Four of the sixteen commits are in the runtime, two of them in a garbage collector that was a month old.

Footnotes

  1. Go 1.1.1 release history, the source for the 13 June 2013 date. The release notes at the time described it as several compiler and runtime bug fixes; the "security fix to the compiler" wording was added to the page later.

  2. The runnable cells run on the current Go Playground, which is amd64. The recorded transcripts come from Go 1.1 and Go 1.1.1 toolchains built from their go1.1 and go1.1.1 source tags with a period compiler (gcc on ubuntu 12.04); the swap.go transcripts are cross-compiled to linux/386, the gcslice.go transcripts are linux/amd64, and all run natively on msa2-client, an amd64 Linux machine. The 386 crash and the amd64 heap corruption are both deterministic across runs, though the panic's goroutine numbers can vary. 2

  3. On the issue the day it was filed, the maintainer minux described the overwritten word as externally controllable and laid out remote code execution through return-oriented programming; Daniel Morsing, who diagnosed the cause, noted the amd64 back end carried the same hazard and only avoided it because its optimizer removed the temporary from the wrapper.

  4. The wrapper inlining that exposed the bug came from CL 7214044, which enabled inlining in generated method wrappers; its own sort benchmarks ran a fifth to over a third faster. The bug is issue #5515, fixed in commit 13af44f8 (CL 10210043), "cmd/gc: save local var list before inlining," which saves the declaration list before compilation prunes it. Its message calls the failure mode "hilarity ensues," and shipped the phrase with a typo, "beingused."

  5. Go 1.1 made the garbage collector more precise, reading a program's types to decide which words hold pointers rather than scanning conservatively; the Go 1.1 release notes call this out, with the largest effect on 32-bit systems.

  6. Issue #5443 was opened by a crash in a long-running program, where a freed interface word read back as 0xdeaddeaddeaddead, the runtime's poison for freed memory, and faulted inside a type assertion. Fixed in "runtime: fix GC scanning of slices," which scans the object by its own type instead of the slice's element type.

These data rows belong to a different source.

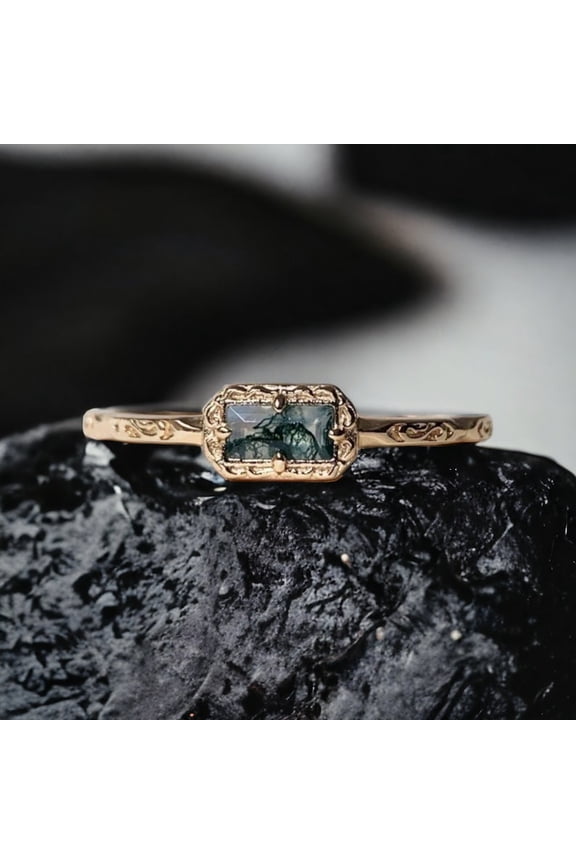 Moss Agate Wedding Band Ring Silver Gold Art Deco Unique Baguette Cut Green Agate Anniversary Delicate Jewelry gift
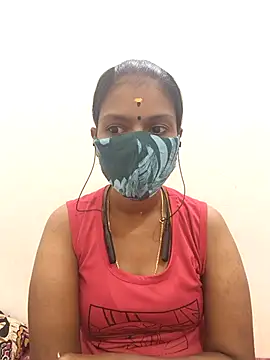 Snapshot of Tamil_Yalini12 chatting on 10/17/25, 05:21 Tamil Yalini12 online show from 10/17/25, 05:21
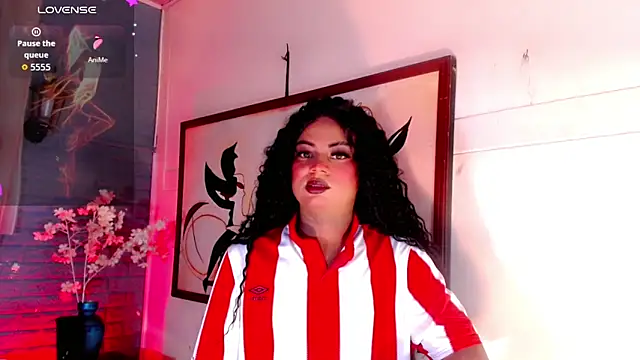 Snapshot of Mayka_Hot chatting on February 23, 12:02 pm Mayka Hot online show from February 23, 12:02 pm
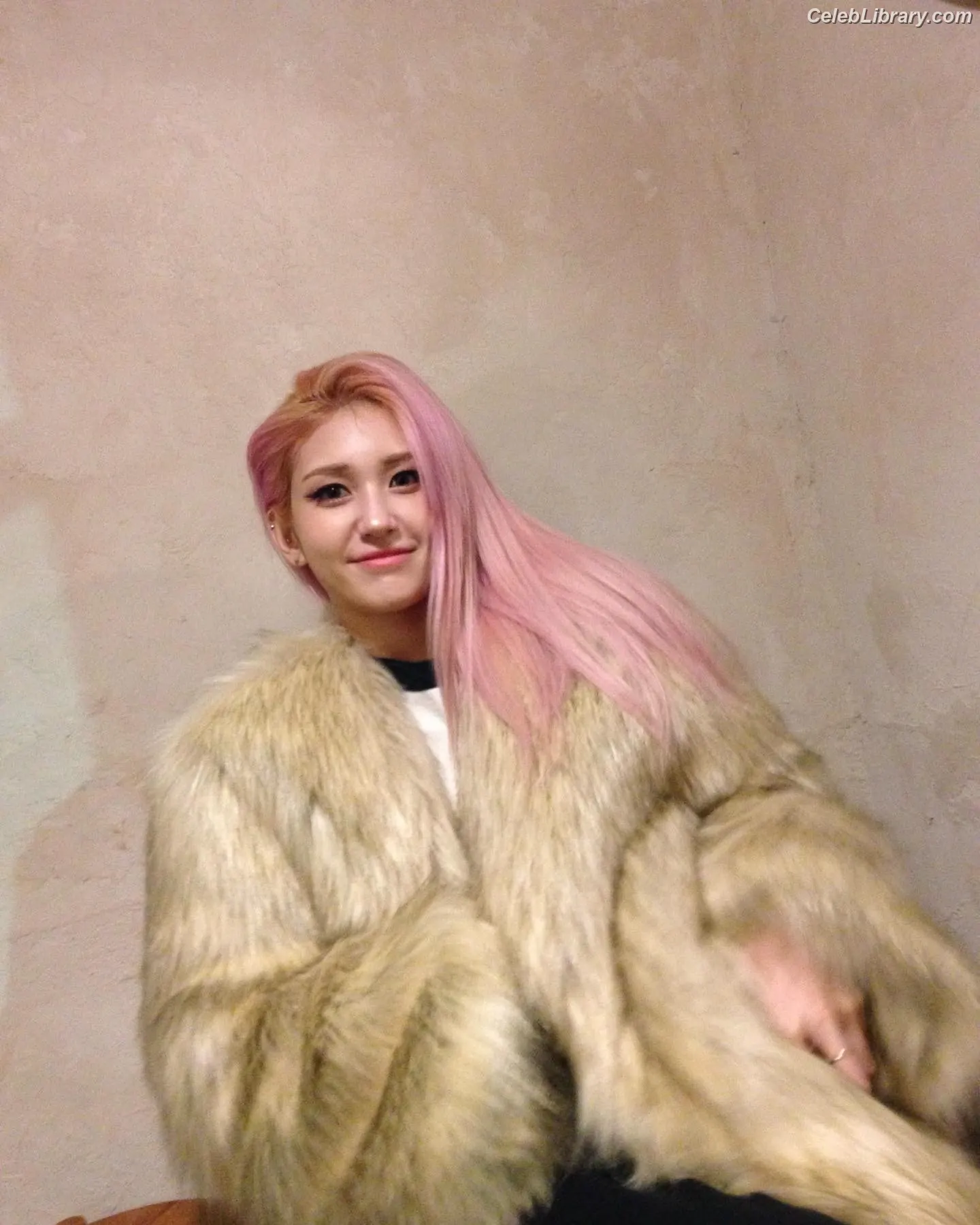 Jeon SomiENNIK SOMI photo 17 of 1234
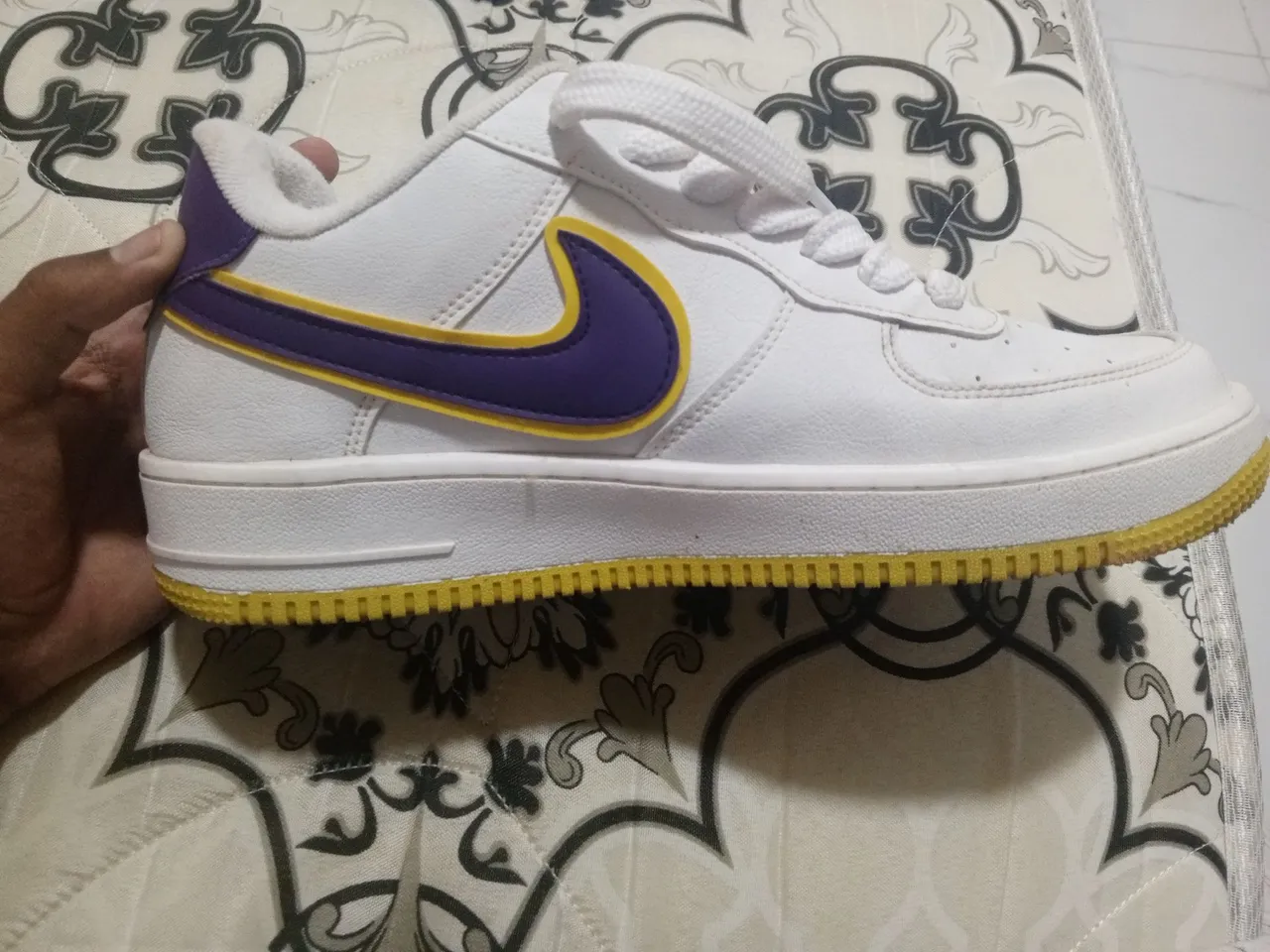 Tênis Air Force 1 Branco c/ Detalhes Roxos e Amarelos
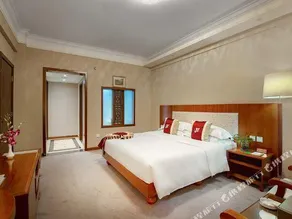 Golden Phoenix Hotel - Image 2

  7. The second collector fix is issue #5554 (heap corruption when the rescan size was overwritten by a channel's capacity). The leak is #5493 (a finished goroutine's start function left set, pinning its closure). The export-data fixes are #5470 (a make of an unexported type) and #5614 (missing slice and array types). The blank-identifier fixes are #5244 (initialization order of top-level var _ = ...) and #5607 (a blank initializer inside a closure wrongly emitted into package init()).